BOZKIRKURDU (Hermann Hesse)

Kim düşünürse, kim düşünmeyi temel uğraş yaparsa, bunda
ileri bir noktaya ulaşabilir. Ne var ki karayla suyu değiş tokuş etmiştir.
Böyle biri bir gün gelir suda boğulur.
-Her çağ, her uygarlık, kendisine yakışır incelikleri ve
sertlikleri, güzellikleri ve acımasızlıkları barındırır. Kimi acıları pek doğal
karşılar, kimi kötülükleri sabırla sineye çeker. Ne zaman ki iki çağ, iki
uygarlık ve iki din birbiriyle kesişirse, işte o zaman insan yaşamı gerçek bir
acıya, gerçek bir cehenneme dönüşür.
-Aynı kan ve aynı ruhu paylaşan iki varlık birbirinin can
düşmanıysa, böyle bir yaşamın tadı yoktur.
-Her insan başkalarında rastlanmayan özelliklerle,
başkalarında rastlanmayan nişanlarla donatılmıştır; her birinin kendi erdemleri
kusurları vardır, her birinin bir “Büyük Günahı” vardır öte yandan.
-Güç insanını güç yıkar, para insanını para; köle ruhlu
insanı başkalarına kulluk etme, zevk insanını zevk çökertir.
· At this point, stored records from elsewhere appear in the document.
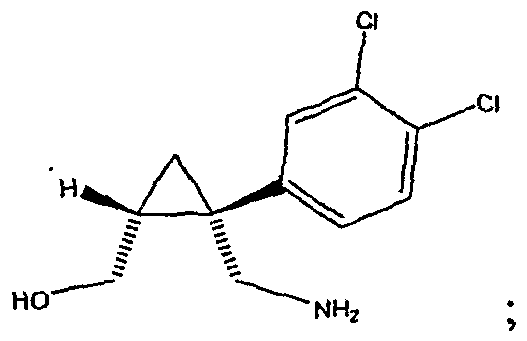 Figure imgf000004_0001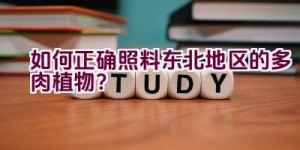 如何正确照料东北地区的多肉植物？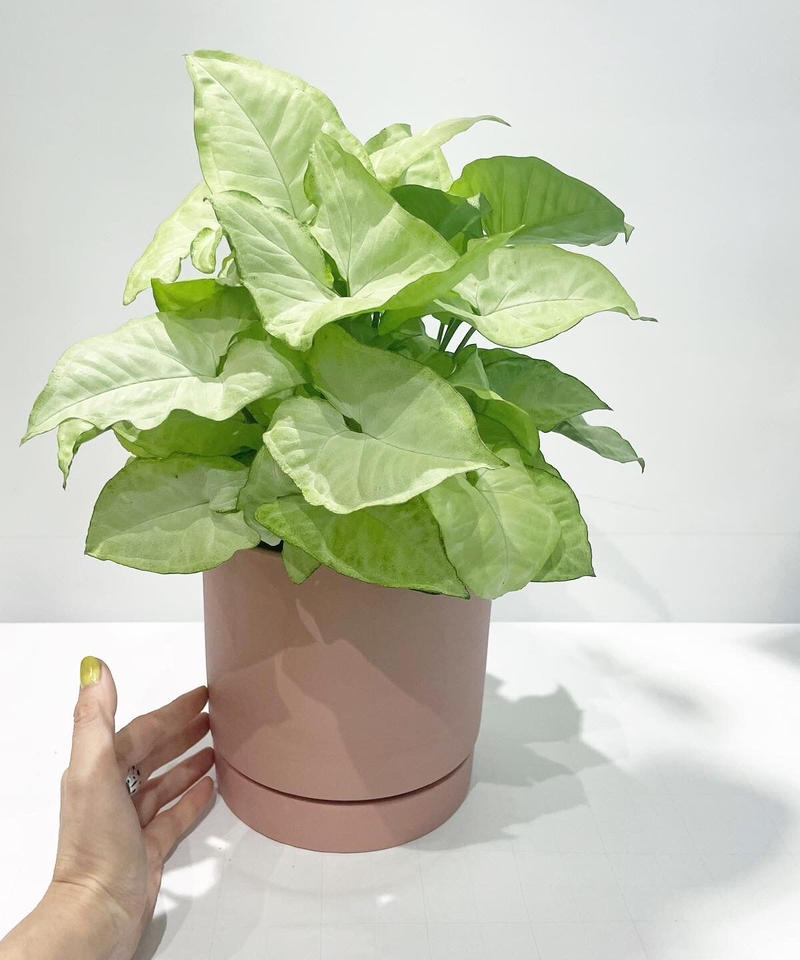 観葉植物 シンゴニウム ホワイトバタフライ Slyimder Pot Mat P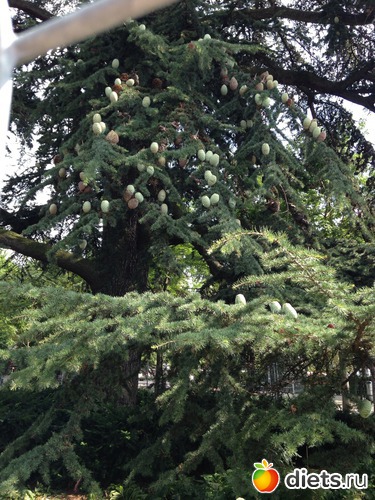 ����� ����� ��������, ������: �������� �� ������ 18.08.2013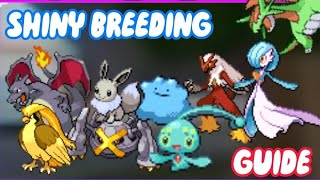 HOW TO BREED FOR SHINIES IN POKÉMON BRICK BRONZE [upl. by Hnahym]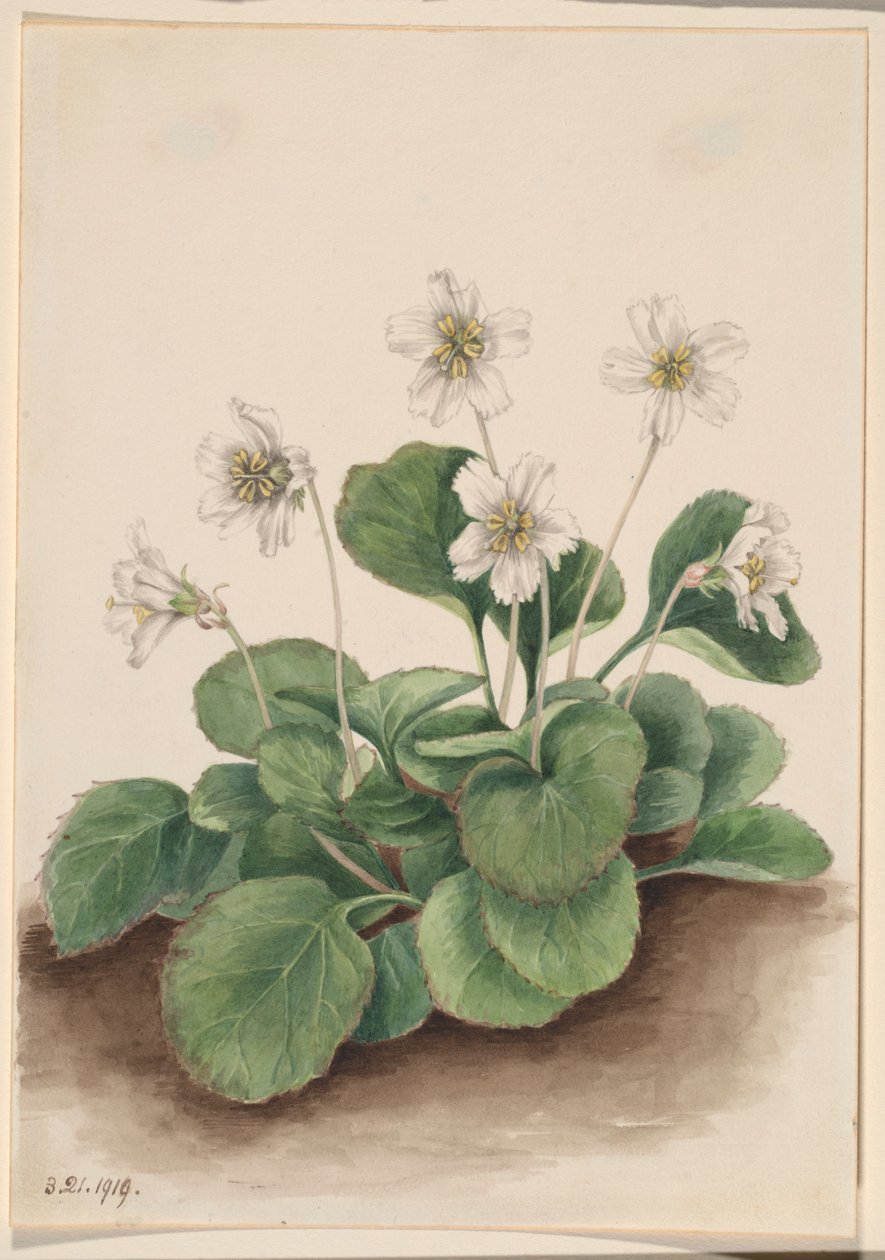  by Mary Vaux Walcott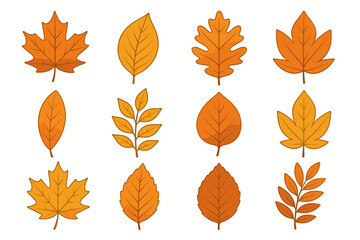 Colorful assortment of autumn leaves display in various shapes and shades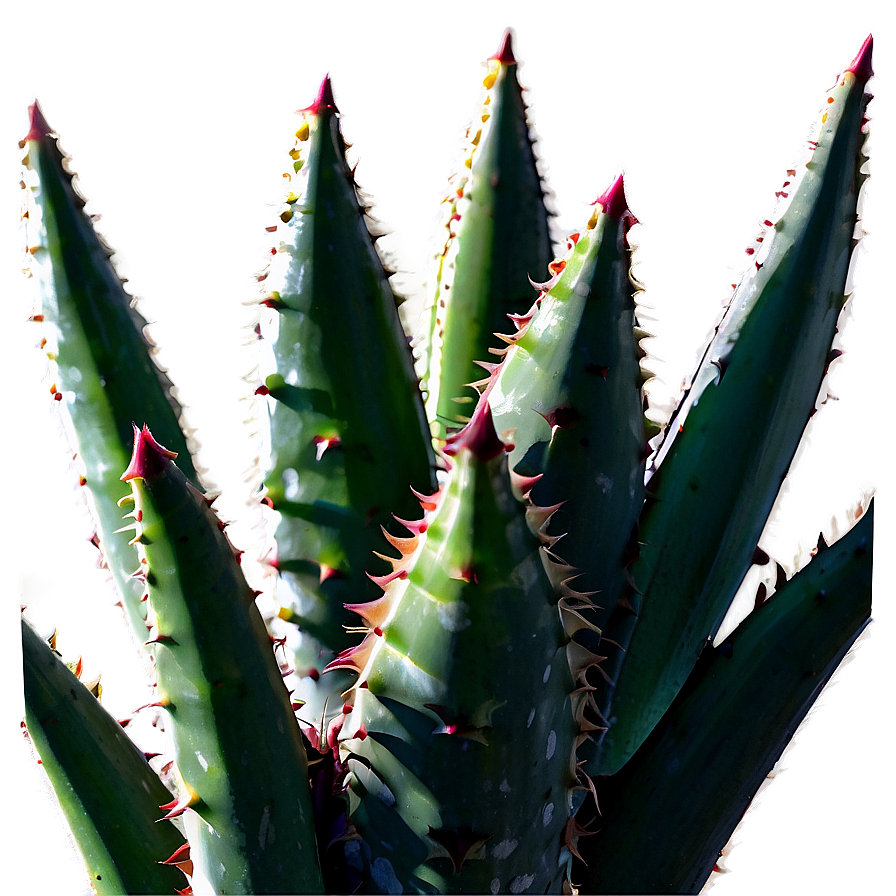 Aloe Succulent Png Guo45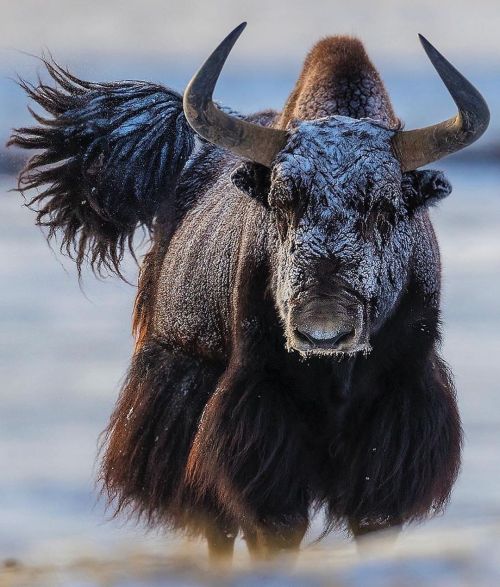 Back off!A 2000+ pound, 7 ft. tall lone wild yak spotted on the Tibetan Plateau by #wildographer @je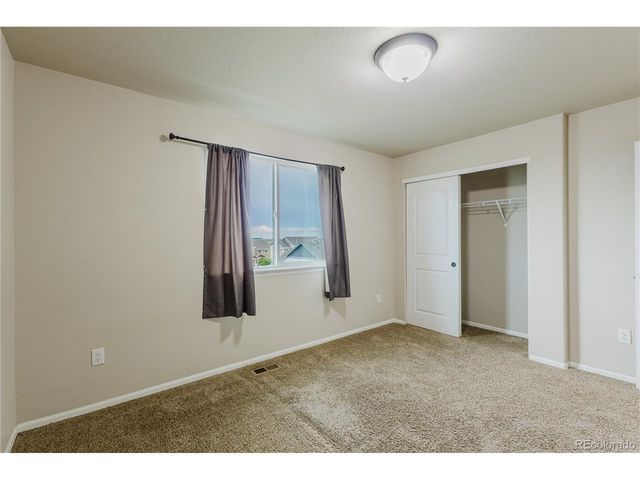 1019 Mount Oxford Ave, Windsor, CO 80550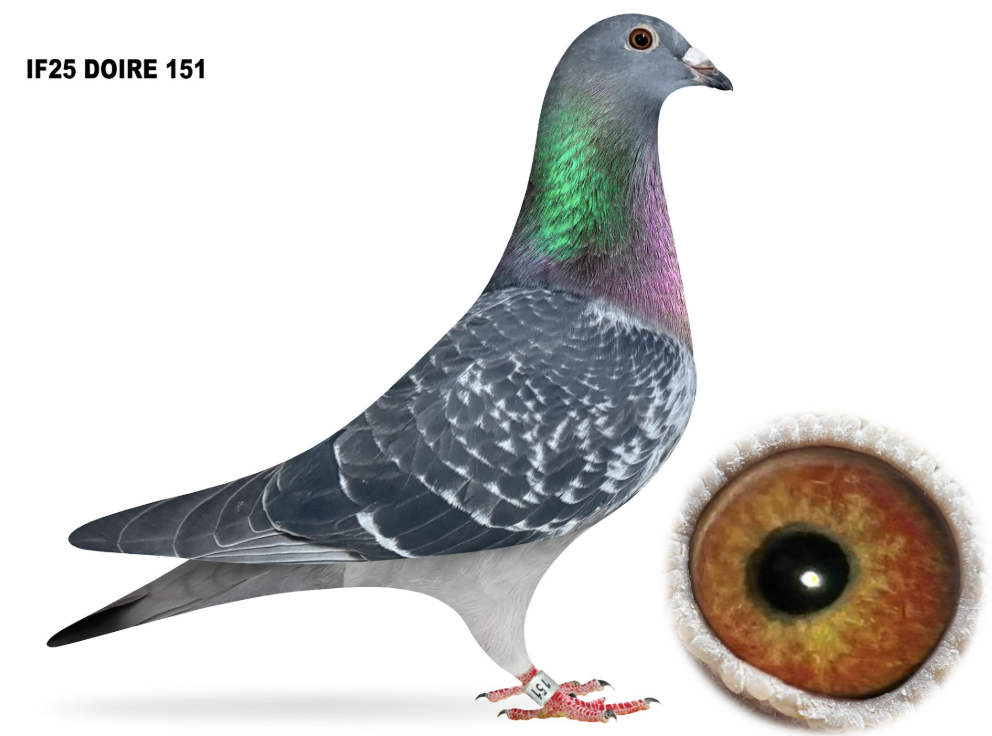 Lot 5: DOIRE 151 - Free Derry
-Gerçekten kendini öldürenleri intihar edenler arasında
saymak yanlıştır.
-İntihar edenler, bireyselleşmeden kaynaklanan suçluluk
duygusuna yakalanmış kişiler olarak, kendilerini mükemmelleştirmek yerine
tanrıya dönmeyi evrene dönmeyi amaç edinen varlıklar olarak karşımıza çıkar. Bu
kişilerden çoğu canına kıyacak güçten yoksundur.
-Nasıl her güç güçsüzlüğe dönüşebilirse, bunun tersi intihar
eğilimli biri görünürdeki güçsüzlüğünü çok vakit bir güce, bir desteğe
dönüştürebilir.
-İnsanın kendi eliyle canına kıymasındansa yaşama yenik
düşüp can vermesi çok daha soylu ve güzel bir davranıştır.
-Orta sınıf insanı, kendini gözden çıkarmaz, ne çilekeşliğe
ne de zevkperesliğe adar kendini, asla canını vermeye kalkmaz, asla yok olmayı
istemez. Onun ideali nefsinden el çekmek
değil, ben’ini ayakta tutmaktır. Ilıman bir bölgede yerleşmeye uğraşır. Bunun
üstesinden gelirse, kayıtsız şartsızlığa ve aşırılığa yönelik bir hayatın
sağlayacağı yaşam ve duygu yoğunluğundan da el çekmek zorunda kalır.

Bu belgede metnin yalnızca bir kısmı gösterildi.